### [The data]
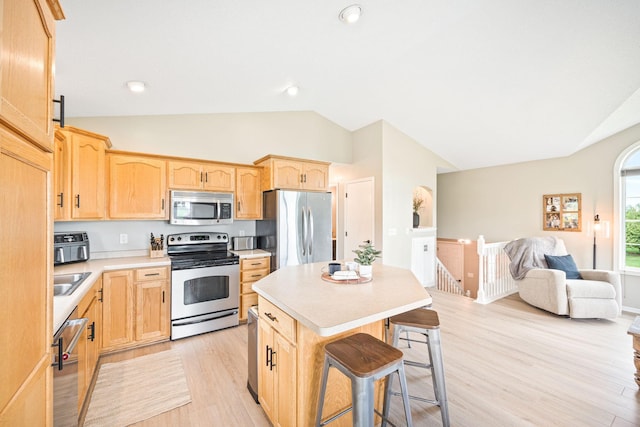 kitchen with lofted ceiling, a kitchen bar, light hardwood / wood-style flooring, a kitchen island, and appliances with stainless steel finishes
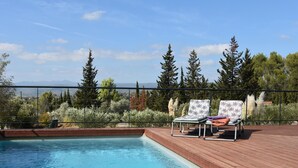 Une piscine avec deux chaises longues sur une terrasse en bois, entourée d’arbres et sous un ciel dégagé.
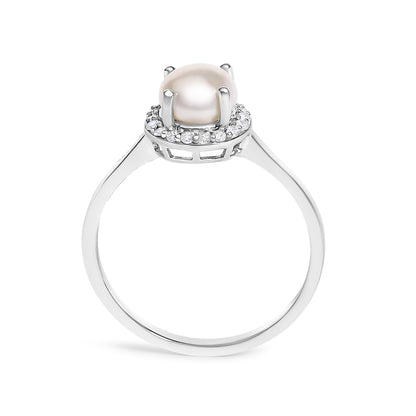 Close-up front angle of a white metal ring featuring a central round pearl held by four prongs, surrounded by a halo of small round white gemstones in a shared prong setting.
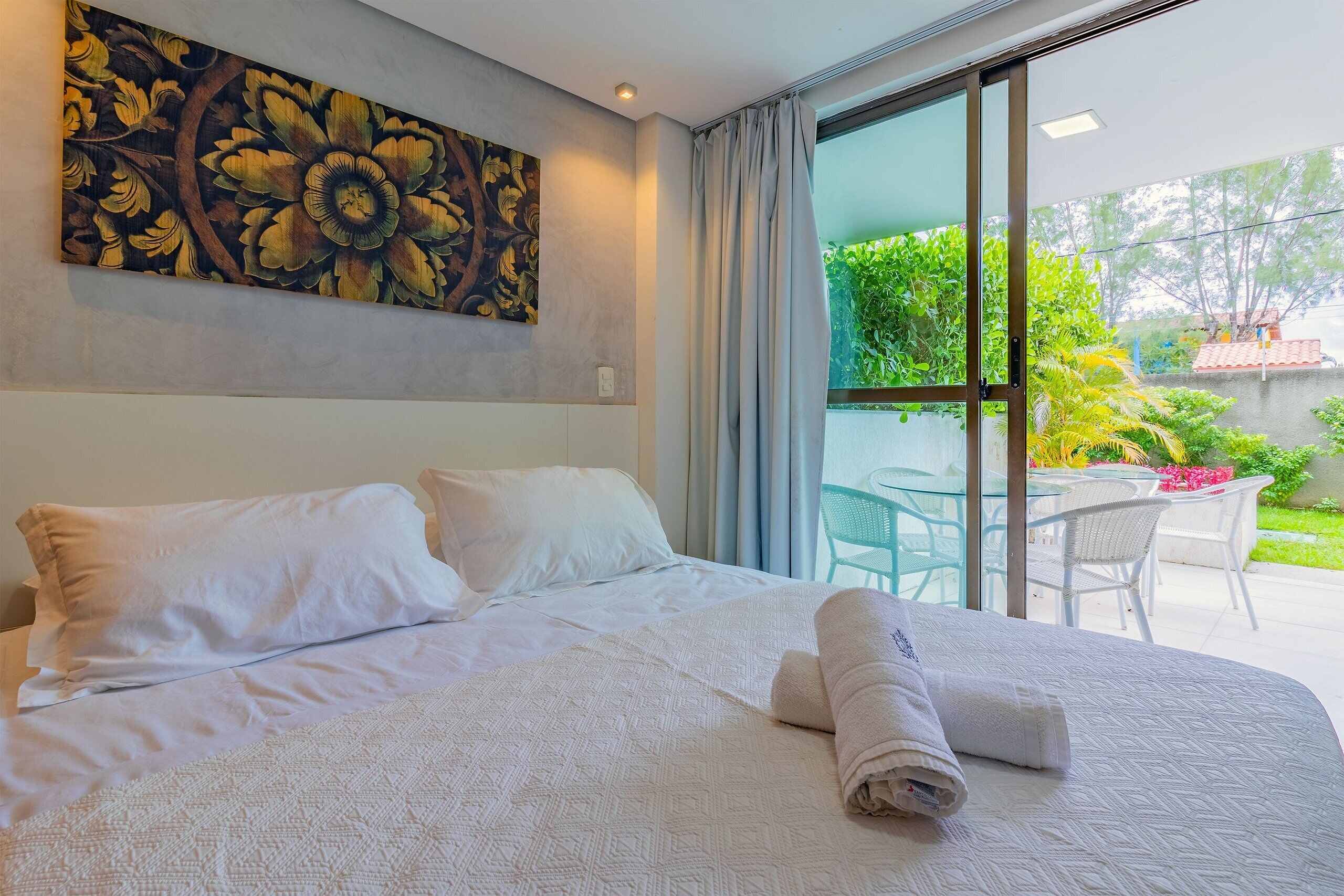 Habitación de hotel con una cama grande, un cuadro en la pared y vistas al jardín a través de la ventana.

### [Exercise details]
Write the listing out exactly, apart from its pictures.

### [Reply]
 kitchen with lofted ceiling, a kitchen bar, light hardwood / wood-style flooring, a kitchen island, and appliances with stainless steel finishes
 Une piscine avec deux chaises longues sur une terrasse en bois, entourée d’arbres et sous un ciel dégagé.
 Close-up front angle of a white metal ring featuring a central round pearl held by four prongs, surrounded by a halo of small round white gemstones in a shared prong setting.
 Habitación de hotel con una cama grande, un cuadro en la pared y vistas al jardín a través de la ventana.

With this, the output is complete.